Dirgantara Air Service Penerbangan 3130 (DIR3130/AW3130) adalah penerbangan penumpang domestik terjadwal yang dioperasikan oleh Dirgantara Air Service dari Bandar Udara Datah Dawai, Kabupaten Malinau, ke Bandar Udara Temindung, Samarinda, Kalimantan Timur. Pada tanggal 18 November 2000, pesawat Britten Norman Islander BN-2 menabrak pucuk pohon dan jatuh ke hutan di dekat bandara tidak lama setelah lepas landas. Tidak ada yang selamat.[1][2]
Laporan penyelidikan Komite Nasional Keselamatan Transportasi menyimpulkan bahwa kecelakaan ini disebabkan oleh berbagai faktor, yaitu kesalahan pilot, kelebihan muatan, dan tidak adanya keamanan bandara (penyuapan).
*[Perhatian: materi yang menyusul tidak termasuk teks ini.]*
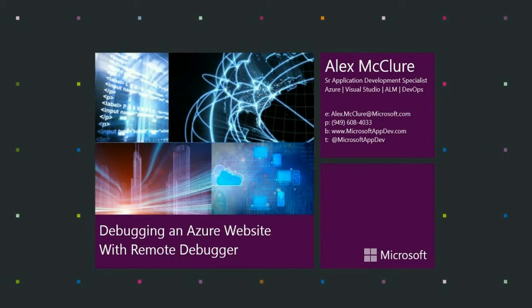Hello, everyone. You're watching a Microsoft Quick Hit video, and today we're going to be talking about debugging your Azure websites using the Visual Studio remote debugger.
Persepsi pilot yang keliru ditambah kelebihan muatan yang disebabkan oleh penyuapan membuat pesawat ini jatuh. Maskapai ini berhenti beroperasi pada tahun 2009 dan menyatakan bangkrut tahun 2013.[3]
Kecelakaan
Pesawat Britten Norman Islander ini lepas landas pukul 10:51 waktu setempat dengan 17 penumpang, termasuk 2 bayi, dan 1 awak kabin. Tidak lama setelah lepas landas, operator radio pesawat melihat pesawat menghilang setelah melewati hutan. Pesawat menabrak pohon pertama dan mulai miring ke kiri. Pesawat kemudian menabrak pohon kedua dan mulai terombang-ambing. Pesawat menabrak pohon ketiga dan mulai kehilangan kendali. Roda pendaratan menabrak pohon keempat dan pesawat jatuh terbalik di hutan. Kedua sayapnya patah dan bahan bakar tumpah dari ujung sayap kanan. Ini menambah risiko kebakaran pascajatuh karena tanah gambut Kalimantan mudah terbakar.[4]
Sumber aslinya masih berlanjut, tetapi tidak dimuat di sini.